What greets you on these cobblestone streets is like something out of a movie: House after house of timber and daub, many of which have been Winstubs (wine cellars) for centuries.
Indeed, this is Alsace’s wine region, and the hillsides right outside the gates are grooved with vineyards growing riesling and gewürztraminer grapes.
You can go for gentle hikes in this bucolic landscape or see the town’s sights, like the Dolder, a 13th-century watchtower rising 25 metres above the town.
2. Rochefort-en-Terre, Morbihan
This village’s history as a “Petite Cité de Caractére” goes back to the early-20th century when Alfred Klotz, a rich French-born American, bought the decrepit château.
He did it up, and the building is open to the public, holding exhibits about rural life in Brittany and a collection of his own paintings.

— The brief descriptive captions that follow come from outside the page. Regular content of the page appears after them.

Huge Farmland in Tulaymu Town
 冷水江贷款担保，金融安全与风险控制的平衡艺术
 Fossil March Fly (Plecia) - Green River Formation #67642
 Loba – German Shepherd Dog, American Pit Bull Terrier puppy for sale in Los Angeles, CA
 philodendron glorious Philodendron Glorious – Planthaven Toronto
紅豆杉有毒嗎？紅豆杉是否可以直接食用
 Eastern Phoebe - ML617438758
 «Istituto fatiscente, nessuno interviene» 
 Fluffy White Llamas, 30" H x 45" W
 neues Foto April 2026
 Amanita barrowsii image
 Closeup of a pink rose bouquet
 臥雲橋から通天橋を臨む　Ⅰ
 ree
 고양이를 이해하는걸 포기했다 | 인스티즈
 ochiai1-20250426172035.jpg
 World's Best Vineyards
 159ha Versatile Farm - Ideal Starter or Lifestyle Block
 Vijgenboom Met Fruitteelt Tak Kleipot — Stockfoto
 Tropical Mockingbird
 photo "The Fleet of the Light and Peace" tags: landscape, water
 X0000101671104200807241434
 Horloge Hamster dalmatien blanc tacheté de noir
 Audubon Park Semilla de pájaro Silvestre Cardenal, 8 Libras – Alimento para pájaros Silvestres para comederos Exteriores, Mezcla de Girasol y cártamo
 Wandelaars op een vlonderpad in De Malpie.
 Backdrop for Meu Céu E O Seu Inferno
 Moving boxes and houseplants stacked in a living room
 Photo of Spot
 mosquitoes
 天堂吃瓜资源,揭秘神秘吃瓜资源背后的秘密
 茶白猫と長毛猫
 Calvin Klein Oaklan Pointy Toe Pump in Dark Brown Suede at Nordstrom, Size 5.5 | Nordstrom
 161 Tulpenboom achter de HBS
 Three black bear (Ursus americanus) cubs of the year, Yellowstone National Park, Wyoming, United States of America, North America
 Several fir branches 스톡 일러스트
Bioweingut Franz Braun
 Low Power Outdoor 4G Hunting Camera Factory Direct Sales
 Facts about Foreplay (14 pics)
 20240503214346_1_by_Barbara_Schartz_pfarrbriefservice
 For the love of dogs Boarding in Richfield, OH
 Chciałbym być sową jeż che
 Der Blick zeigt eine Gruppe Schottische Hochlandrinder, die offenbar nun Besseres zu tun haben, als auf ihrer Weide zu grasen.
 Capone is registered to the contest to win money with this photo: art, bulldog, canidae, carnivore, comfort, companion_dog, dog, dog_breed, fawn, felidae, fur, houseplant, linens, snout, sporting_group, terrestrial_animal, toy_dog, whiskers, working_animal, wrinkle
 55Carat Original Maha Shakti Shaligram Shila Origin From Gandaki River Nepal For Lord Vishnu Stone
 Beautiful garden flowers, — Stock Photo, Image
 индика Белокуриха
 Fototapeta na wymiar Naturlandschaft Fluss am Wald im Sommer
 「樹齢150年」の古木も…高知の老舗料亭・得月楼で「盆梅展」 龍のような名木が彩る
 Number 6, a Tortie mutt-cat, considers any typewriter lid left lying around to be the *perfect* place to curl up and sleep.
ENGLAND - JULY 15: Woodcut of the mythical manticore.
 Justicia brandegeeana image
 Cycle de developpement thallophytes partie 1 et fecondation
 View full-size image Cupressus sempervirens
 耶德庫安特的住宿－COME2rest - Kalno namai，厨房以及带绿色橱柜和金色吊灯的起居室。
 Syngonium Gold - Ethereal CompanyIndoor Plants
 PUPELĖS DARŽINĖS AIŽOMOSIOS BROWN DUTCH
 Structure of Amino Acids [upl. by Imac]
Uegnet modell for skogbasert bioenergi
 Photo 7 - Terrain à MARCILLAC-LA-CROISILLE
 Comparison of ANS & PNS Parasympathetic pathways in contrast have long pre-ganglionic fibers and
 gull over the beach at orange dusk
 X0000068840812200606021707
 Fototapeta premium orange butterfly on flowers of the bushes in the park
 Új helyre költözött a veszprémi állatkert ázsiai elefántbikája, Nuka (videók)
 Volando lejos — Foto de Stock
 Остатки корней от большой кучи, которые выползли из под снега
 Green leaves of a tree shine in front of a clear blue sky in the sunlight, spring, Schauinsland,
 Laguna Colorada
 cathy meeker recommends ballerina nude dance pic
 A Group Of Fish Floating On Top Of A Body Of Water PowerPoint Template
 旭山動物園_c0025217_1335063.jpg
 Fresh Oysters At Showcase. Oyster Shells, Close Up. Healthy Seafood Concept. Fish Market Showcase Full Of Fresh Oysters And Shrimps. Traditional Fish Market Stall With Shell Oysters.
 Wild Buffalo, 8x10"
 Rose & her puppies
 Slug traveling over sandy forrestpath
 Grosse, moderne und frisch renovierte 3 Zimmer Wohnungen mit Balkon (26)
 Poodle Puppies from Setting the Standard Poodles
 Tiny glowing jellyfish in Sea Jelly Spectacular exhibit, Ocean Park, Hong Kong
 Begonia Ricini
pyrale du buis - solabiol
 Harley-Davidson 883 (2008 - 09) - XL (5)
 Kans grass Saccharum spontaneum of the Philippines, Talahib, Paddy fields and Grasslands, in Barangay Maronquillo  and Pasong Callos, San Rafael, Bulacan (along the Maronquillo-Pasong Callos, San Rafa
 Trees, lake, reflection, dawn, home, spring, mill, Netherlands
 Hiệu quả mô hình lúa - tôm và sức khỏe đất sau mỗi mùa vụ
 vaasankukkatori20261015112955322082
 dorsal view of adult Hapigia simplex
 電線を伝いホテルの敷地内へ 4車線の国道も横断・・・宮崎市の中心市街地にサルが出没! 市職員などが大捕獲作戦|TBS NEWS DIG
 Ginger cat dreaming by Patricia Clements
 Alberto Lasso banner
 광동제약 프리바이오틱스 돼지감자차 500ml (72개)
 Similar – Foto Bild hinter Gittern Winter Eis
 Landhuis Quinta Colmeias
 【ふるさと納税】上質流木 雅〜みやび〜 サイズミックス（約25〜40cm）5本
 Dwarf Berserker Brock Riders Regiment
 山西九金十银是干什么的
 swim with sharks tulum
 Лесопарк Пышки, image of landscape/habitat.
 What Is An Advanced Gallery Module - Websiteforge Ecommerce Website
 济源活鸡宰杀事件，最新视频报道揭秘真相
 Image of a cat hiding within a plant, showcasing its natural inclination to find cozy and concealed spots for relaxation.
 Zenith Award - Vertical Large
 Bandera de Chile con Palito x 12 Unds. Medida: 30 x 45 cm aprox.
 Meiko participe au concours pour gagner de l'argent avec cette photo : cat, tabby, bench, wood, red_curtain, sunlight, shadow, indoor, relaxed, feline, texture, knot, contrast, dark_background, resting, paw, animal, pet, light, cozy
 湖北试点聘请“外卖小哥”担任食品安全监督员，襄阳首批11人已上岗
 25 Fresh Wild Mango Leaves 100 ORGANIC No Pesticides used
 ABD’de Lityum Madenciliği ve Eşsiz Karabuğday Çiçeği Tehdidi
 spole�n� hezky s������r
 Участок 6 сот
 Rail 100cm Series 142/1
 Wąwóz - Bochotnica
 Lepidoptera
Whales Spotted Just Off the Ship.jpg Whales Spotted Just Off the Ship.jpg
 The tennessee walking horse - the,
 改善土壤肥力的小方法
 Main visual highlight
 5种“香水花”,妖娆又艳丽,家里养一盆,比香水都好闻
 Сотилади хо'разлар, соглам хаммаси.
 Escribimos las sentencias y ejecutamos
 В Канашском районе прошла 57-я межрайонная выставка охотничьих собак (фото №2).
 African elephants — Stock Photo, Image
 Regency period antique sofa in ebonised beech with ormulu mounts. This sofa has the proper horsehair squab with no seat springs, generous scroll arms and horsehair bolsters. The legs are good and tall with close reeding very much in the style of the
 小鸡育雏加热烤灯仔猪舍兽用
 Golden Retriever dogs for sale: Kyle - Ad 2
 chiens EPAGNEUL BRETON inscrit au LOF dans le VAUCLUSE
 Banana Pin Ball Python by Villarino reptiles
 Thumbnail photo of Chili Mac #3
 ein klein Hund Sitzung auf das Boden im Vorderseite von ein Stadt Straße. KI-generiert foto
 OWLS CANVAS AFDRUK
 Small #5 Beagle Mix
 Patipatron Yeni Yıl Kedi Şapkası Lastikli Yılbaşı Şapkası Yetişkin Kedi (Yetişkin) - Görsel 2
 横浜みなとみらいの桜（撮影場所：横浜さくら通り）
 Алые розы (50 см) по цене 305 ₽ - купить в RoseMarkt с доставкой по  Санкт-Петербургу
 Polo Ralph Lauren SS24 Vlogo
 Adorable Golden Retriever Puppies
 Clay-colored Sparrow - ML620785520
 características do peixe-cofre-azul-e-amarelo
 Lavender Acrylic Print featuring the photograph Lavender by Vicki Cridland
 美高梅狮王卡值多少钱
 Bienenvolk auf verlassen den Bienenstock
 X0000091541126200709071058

Klotz encouraged this achingly pretty stone village to grow geraniums, and now they’re a part of Rochefort’s identity, spilling out from window boxes and even adding colour to the local well.
You’ll also notice how the buildings seem to be from different times; renaissance mansions are next to rustic timber-framed houses and 19th-century cottages, which only adds to Rochefort’s character.
3. Argentat, Corrèze
This small riverside town on the Dordogne appeared on French postage stamps in the 90s.
The Lestourgie quay is particularly picturesque, with a small promenade by the river and the best views of the stone houses teetering over the opposite bank.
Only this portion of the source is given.